*RECORDS TO USE:*
============================================================

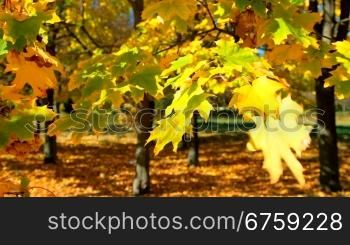 maple leaves in autumn park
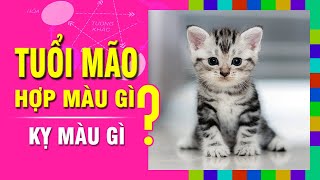 TUỔI MÃO Hợp MÀU GÌ Kỵ Màu Nào Nhất Chọn Màu Sắc Đúng Phong Thủy Để Đón May Mắn [upl. by Rimas]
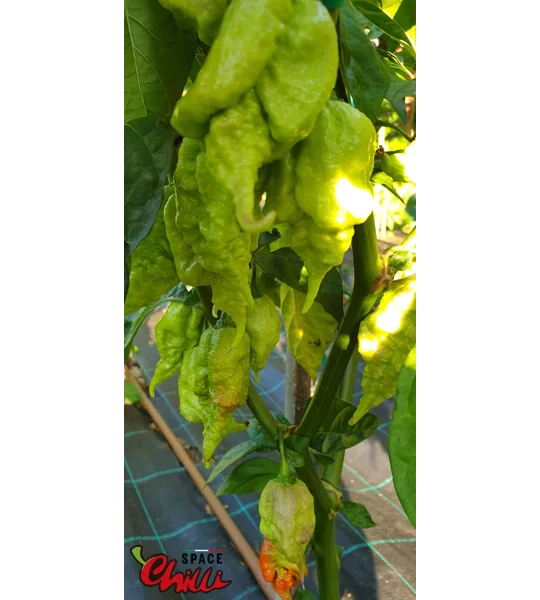 Gasoline F3 (10+ Seeds)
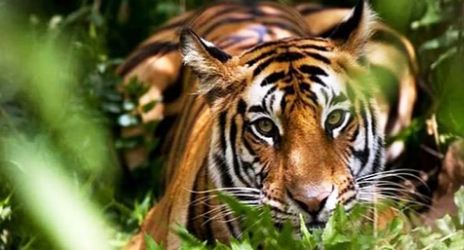 bagaha me fir bagh ka aatank 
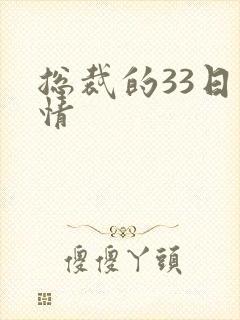 总裁的33日索情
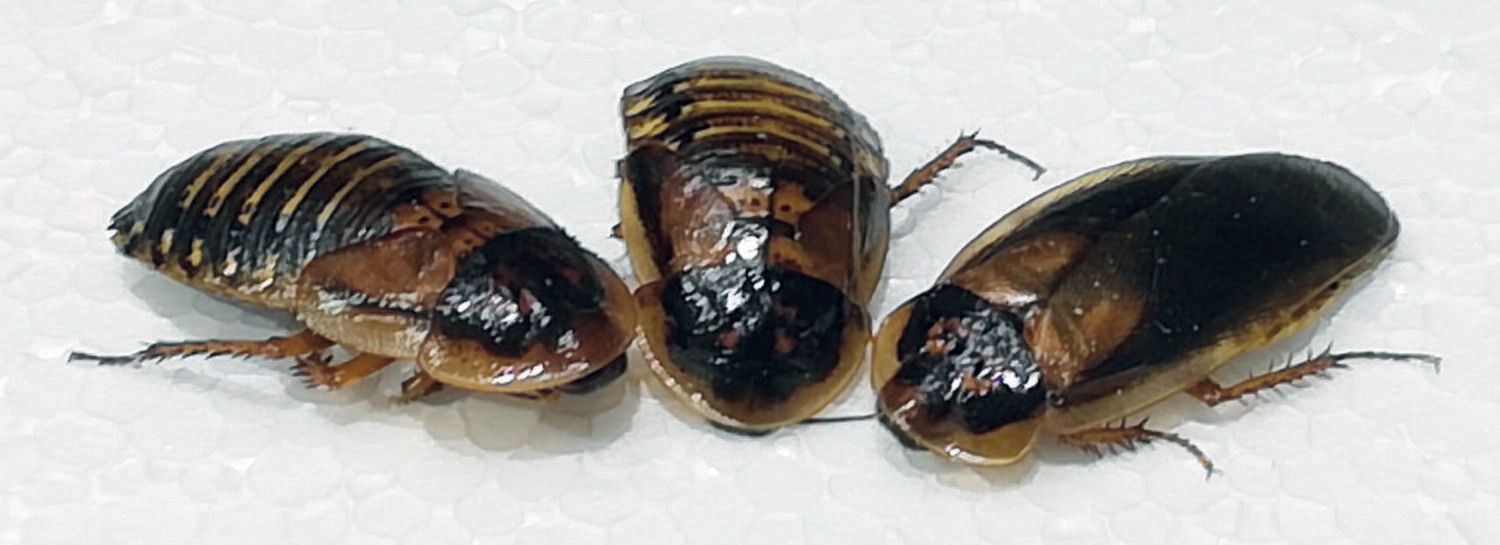 arg. Waldschaben groß, 10 Stück arg. Waldschaben groß, 10 Stück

============================================================

*WHAT NEEDS TO BE DONE:*
Please print the entire listing again exactly, minus its images.

*REPLY TO THE TASK:*
 maple leaves in autumn park
 TUỔI MÃO Hợp MÀU GÌ Kỵ Màu Nào Nhất Chọn Màu Sắc Đúng Phong Thủy Để Đón May Mắn [upl. by Rimas]
 Gasoline F3 (10+ Seeds)
 bagaha me fir bagh ka aatank 
 总裁的33日索情
 arg. Waldschaben groß, 10 Stück arg. Waldschaben groß, 10 Stück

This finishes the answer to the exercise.